Shifted Legendre polynomials symmetry relation

Question

I have to prove that $p_n(1-x)=(-1)^np_n(x)$ ($x\in[0,1]$) for all $n\in\mathbb{N}$, where $(p_n)_n$ is the family of Legendre polynomials on $[0,1]$: given $(x^n)_{n=0,1,\ldots}$, $(p_n)_n$ is the family of orthogonal monic polynomials that one constructs using Gram-Schmidt process starting from $(x^n)_n$ on $L^2([0,1])$. Now, I have to prove that $\forall n=0,1,2,\ldots$, $p_n(1-x)=(-1)^np_n(x)$ for all $x\in[0,1]$, that would follow by proving that $\tilde{p}_n\perp p_j$ for all $j\neq p$ and $(p_n,\tilde{p}_n)_2=(-1)^n$. I denoted by $\tilde{p}_n(x)=p_n(1-x)$. By induction, one has that the cases $n=0,1$ are trivial.
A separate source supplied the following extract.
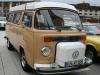 VW Typ2 T2b VW Typ2 T2b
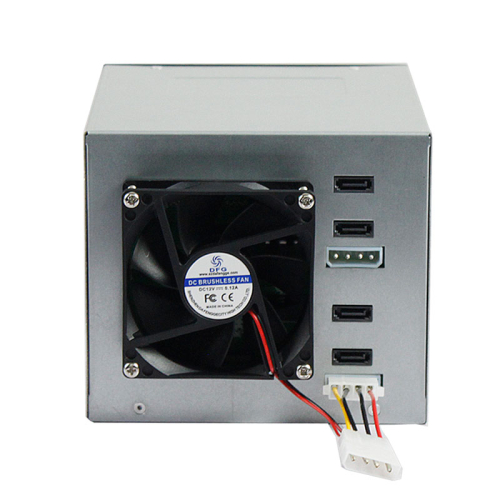 2MONS �ֽ��� ����-4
Then, I tried to use the relation given by Gram-Schmidt, so that (using the induction)
\begin{equation}
(\tilde{p}_{n+1},p_j)_2=((1-x)^{n+1},p_j)_2-\frac{(x^{n+1},p_n)_2}{\Vert p_n\Vert_2^2}(\tilde{p}_n,p_j)_2=((1-x)^{n+1},p_j)_2+(-1)^{n+1}\frac{(x^{n+1},p_n)_2}{\Vert p_n\Vert_2^2}(p_n,p_j)_2.
\end{equation}
If $j\neq n$ the second addend is $0$ since $(p_j)_j$ is an orthogonal family. In particular, the second addend vanishes for all $j\neq n$ and if $j=n+1$, this gives $(\tilde{p}_n,p_{n+1})=((1-x)^{n+1},p_{n+1})_2=(-1)^n$, since this is obviously the coefficient of $x^{n+1}$ respect to $p_{n+1}$. If $j=n$,
\begin{equation}
(\tilde{p}_{n+1},p_n)_2=((1-x)^{n+1},p_n)_2+(-1)^{n+1}(x^{n+1},p_n)_2=((1-x)^{n+1}+(-x)^{n+1},p_n)\overset{(?)}{=}0.
\end{equation}
Since it is obvious that $(Q_j,p_k)=0$ whenever $j<k$ and $Q_j$ is a polynomial of degree $j$, it follows that $(\tilde{p}_{n+1},p_j)_2=0$ for all $j>n+1$ (we don't even need the recursive definition of $p_{n+1}$ here). If $j<n$,
\begin{equation}
(\tilde{p}_{n+1},p_j)_2=((1-x)^{n+1},p_j)_2\overset{(?)}{=}0.
\end{equation}
The question is, how do I prove the (?)? I am not supposed to know anything of the shifted Legendre polynomials except for their definition I gave at the beginning and the recursive formula $p_{n+1}(x)=(x+A_n)p_{n}(x)-B_np_{n-1}(x)$, but I cannot use the fact that (one can prove) $A_n=-1/2$ for all $n$ (actually, I have to prove this fact starting from the just given recursive formula and the symmetry of $p_n$'s – and I already did it).

Answer 1

I think I found the answer, but the induction is useless here. The proof I posted before proves that $(\tilde{p}_n,p_n)_2=(-1)^n$ for all $n$. Now, it's enough to observe that $(\tilde{p}_k,p_j)_2=(p_k,\tilde{p}_j)_2$ for all $k,j$ and use the $(Q_j,p_n)_2=0$ for all $n>j$ thing: this implies directly that $(\tilde{p}_n,p_j)_2=0$ for all $j>n$, but also $(\tilde{p}_n,p_j)_2=(p_n\tilde{p}_j)_2=0$ if $j<n$.